Posted by Madbunny, 02-18-2017, 01:25 PM
Well i'm still waiting for my answer, how is possible to block bandwidth count on the switch from your server. There is only two scenario i can think, hosting company installed something on the client server (e.g. not collecting BW from the switch) or they dont know how to properly setup their hardware/infrastructure. At this point i start to believe exigent.com.au (10tbservers.com.au) made unauthorized installation on the server and client messing around, changing passwords, wiping out the server... intentionally or not compromised their software. If this is true exigent.com.au (10tbservers.com.au) made a major security and privacy breach. The silence from this host start to be louder and louder and until this situation clears out i would advise anyone to not conduct any business with exigent.com.au (10tbservers.com.au).

Posted by Lakjin, 02-18-2017, 04:40 PM
Sure, I'm a fan of myself as well. Let me go create an account to let the world know.

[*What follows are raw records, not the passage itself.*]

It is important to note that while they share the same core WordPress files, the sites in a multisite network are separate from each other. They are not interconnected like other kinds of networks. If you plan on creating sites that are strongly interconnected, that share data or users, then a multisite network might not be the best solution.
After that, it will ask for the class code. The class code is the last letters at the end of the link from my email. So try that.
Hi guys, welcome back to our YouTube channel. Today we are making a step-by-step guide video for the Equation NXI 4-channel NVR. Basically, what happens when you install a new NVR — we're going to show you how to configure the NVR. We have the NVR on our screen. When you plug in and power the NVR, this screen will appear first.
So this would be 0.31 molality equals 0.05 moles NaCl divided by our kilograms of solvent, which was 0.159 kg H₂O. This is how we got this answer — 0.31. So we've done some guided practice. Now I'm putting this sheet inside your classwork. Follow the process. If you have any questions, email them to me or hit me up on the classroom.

Posted by NortheBridge, 02-20-2017, 01:42 AM
Did everyone miss that @Exigent pretty much stated that they are using the non-industry standard technique of monitoring bandwidth from the server using software in response to @RSNET-John in post #11? This is far from the industry standard and the more appropriate way of monitoring network traffic which is at the physically managed switch. Herein lies the problem. So, unless your TOS/AUP/MSA/etc. somewhere says that your monitoring technique is done via software installed on the server no client is going to know that because the industry standard is to monitor at the switch. Frankly, it's unauthorized software as well as you don't actually have the right to access a client's server like that without their prior consent. So in-line with everyone else here, this is pretty much fraudulent.

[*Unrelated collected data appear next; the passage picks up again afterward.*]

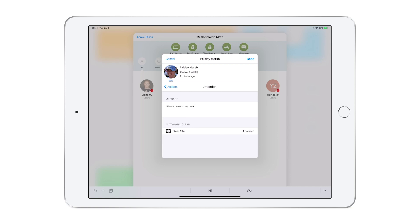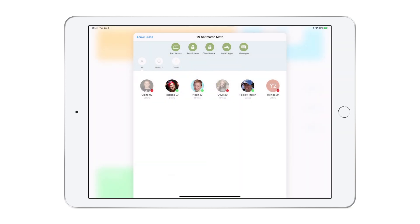You may want to set an automatic clear. However, it's likely the teacher will simply clear the restriction once they feel the student or students are ready to move on. When ready, you choose Clear Restrictions from the menu along the top or from within the individual student or that specific group.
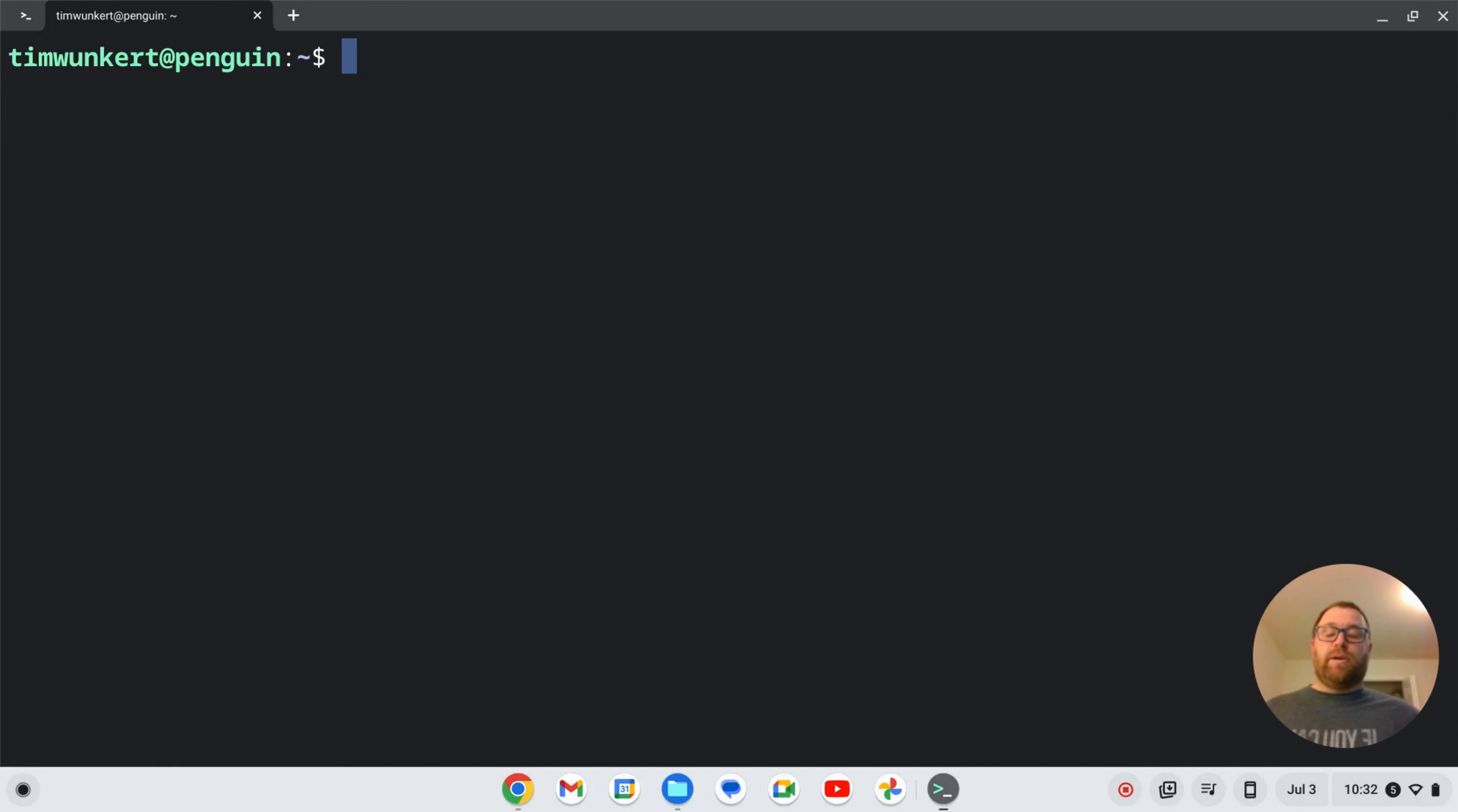Hi YouTube, Tim Unkert from UnkertEducation.com here. In this video, I'm going to show you how to install plugins with the micro text editor.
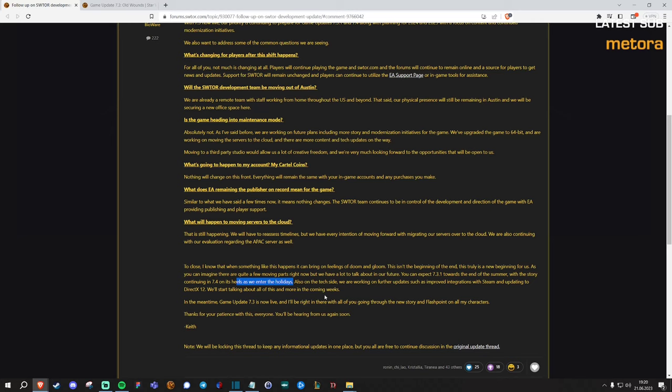I mean, other games do expansions, other games add classes, they add new abilities. Or maybe they even add completely new zones, gameplay mechanics. This game, not so much.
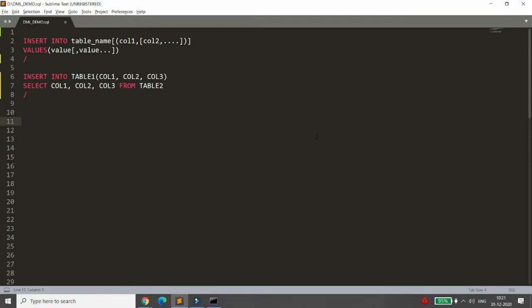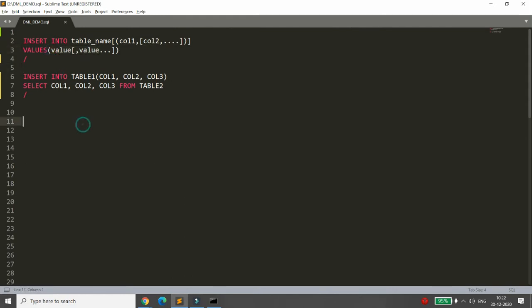Good morning students. Today we will discuss INSERT statements, UPDATE, and DELETE. There are many varieties of INSERT available. We discussed two varieties in the previous lecture: first, INSERT INTO a table with an optional column list — if you don't provide the column list, write values directly; if you do, provide matching values. Another way is INSERT-SELECT, where you retrieve data from one table and insert into another. When using SELECT, we do not use the VALUES clause.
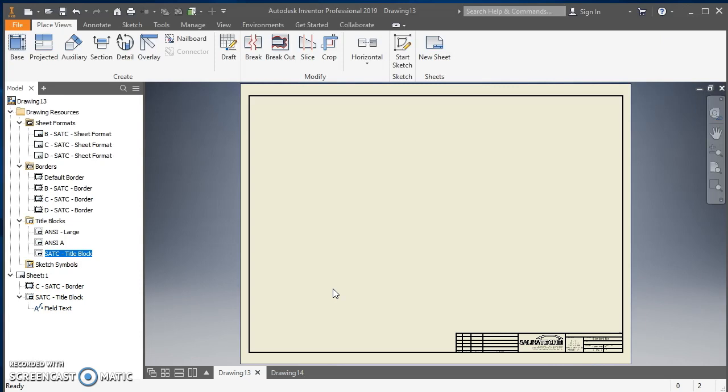So that should be all you need to go about converting once you've started an Inventor drawing with a standard Inventor template to then get our SlideTech information in there. Of course, from now on, just use the SATC Inventor template instead of the standard template and you won't have that problem anymore. Hope this helps, thanks, bye.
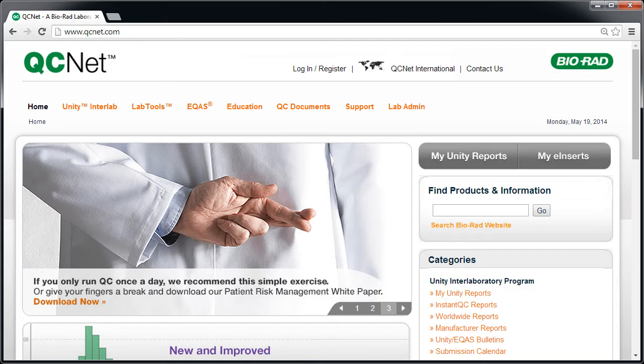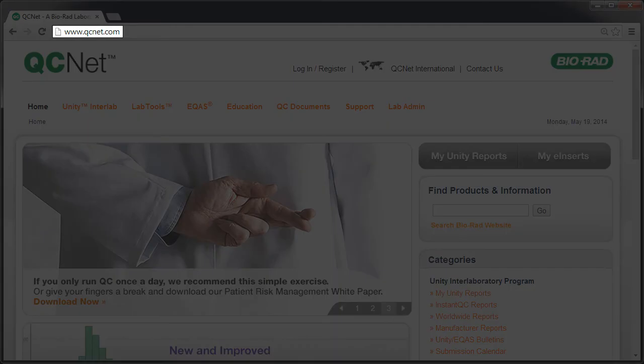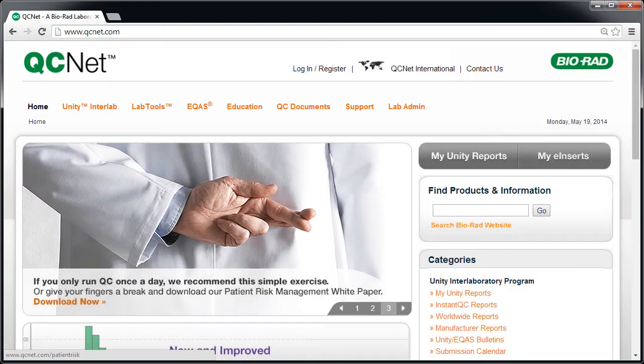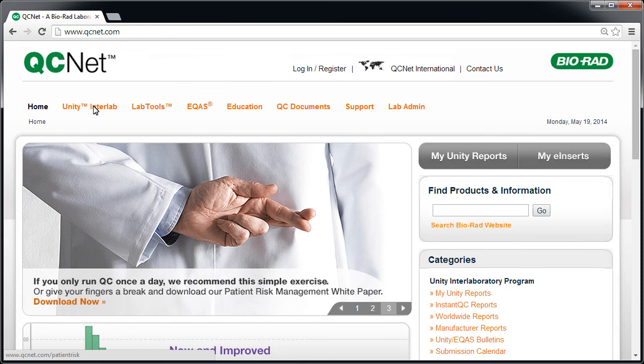Let's get started with a brief orientation. To access Unity Real-Time Online, go to www.qcnet.com. Select Unity Intro Lab and Unity Real-Time Online.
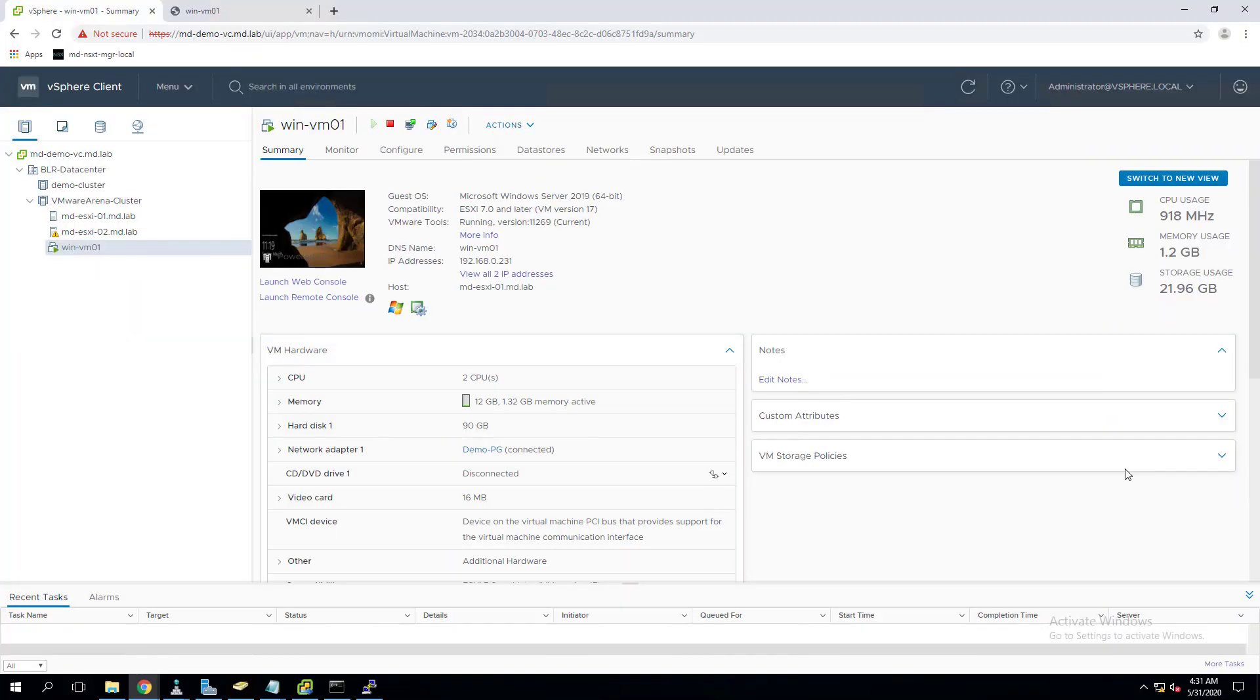Hello everyone, welcome to VMware Arena YouTube channel. In this video we are going to see how we can perform VMware vMotion to migrate the virtual machine from one ESXi host to another ESXi host. In our previous vMotion video we have understood what is vMotion and how does vMotion work, and we also understand some of the prerequisites.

Posted by Exigent, 02-20-2017, 01:50 AM
I'll reiterate again that no software was installed on the server (it's a bare bone operating system with o/s updated and nothing more) and that the way we do monitor the bandwidth/network usage is actually standard technique. What we found on the server I won't divulge for client privacy but be rest assured that if other service providers found what we found... there would be some serious alarm bells ringing on your end as well and strongly steer away from this particular client. Stop trying to make this something that it's not because I won't give you the answers to what you want to know for privacy reasons. There has been nothing fraudulent. We delivered a service to the client. We found issues relating to the service. We took the appropriate steps to not just protect our network but also our business with what we found and to decommissioned the service based on the grounds of the server being used illegally. Until such time anyone has 100% facts on the situation, I ask that you stop speculating and stop making uncalled for comments and recommendations because what we have done has been done so in the best interest of our network, our business and most importantly, our clients. I'll say nothing more now as I have cleared up the points that seem to be going around in circles.

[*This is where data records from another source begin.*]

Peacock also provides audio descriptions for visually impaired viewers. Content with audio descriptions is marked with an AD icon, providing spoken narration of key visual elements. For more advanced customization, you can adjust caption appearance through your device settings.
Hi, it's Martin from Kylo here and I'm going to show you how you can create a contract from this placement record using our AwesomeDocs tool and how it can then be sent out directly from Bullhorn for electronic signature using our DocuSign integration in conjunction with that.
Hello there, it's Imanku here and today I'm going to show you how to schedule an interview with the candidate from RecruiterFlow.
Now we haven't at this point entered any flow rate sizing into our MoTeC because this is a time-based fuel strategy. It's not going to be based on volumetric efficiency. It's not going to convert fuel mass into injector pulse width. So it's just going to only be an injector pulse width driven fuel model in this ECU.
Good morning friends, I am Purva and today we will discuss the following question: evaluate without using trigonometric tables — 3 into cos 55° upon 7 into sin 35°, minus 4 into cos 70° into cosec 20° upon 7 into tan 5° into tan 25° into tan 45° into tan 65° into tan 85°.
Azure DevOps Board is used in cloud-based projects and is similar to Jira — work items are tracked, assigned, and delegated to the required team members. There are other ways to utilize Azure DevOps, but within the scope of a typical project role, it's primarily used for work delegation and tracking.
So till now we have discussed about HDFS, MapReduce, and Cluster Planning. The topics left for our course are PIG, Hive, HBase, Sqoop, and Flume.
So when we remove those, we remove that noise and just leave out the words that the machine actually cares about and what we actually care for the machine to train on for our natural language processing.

Posted by Madbunny, 02-20-2017, 10:04 AM
@Exigent: No one asked you to reveal your client data or what he was hosting but how did he manage to bypass bandwidth count, something you still didnt answer. But now reading your last post i have a feeling you are secretly "eyesdropping" your clients servers and when you found something you didnt like on OP server you pulled out some excuse to terminate his account. For me this is only logical explanation because everything else have little to no sense. Or, like many here are already suspecting you have some software installed on your clients servers to collect bandwidth and who knows what else. Not sure what scenario is the worst.

Posted by httpCORE, 02-20-2017, 07:39 PM
After taking a look, can't really make any judgement calls on this. OP is new, generic username and the host has given enough reasonable doubt. Either way, I don't agree with how the host went about suspending the service but I wouldn't call this fraudulent. Last edited by httpCORE; 02-20-2017 at 07:53 PM.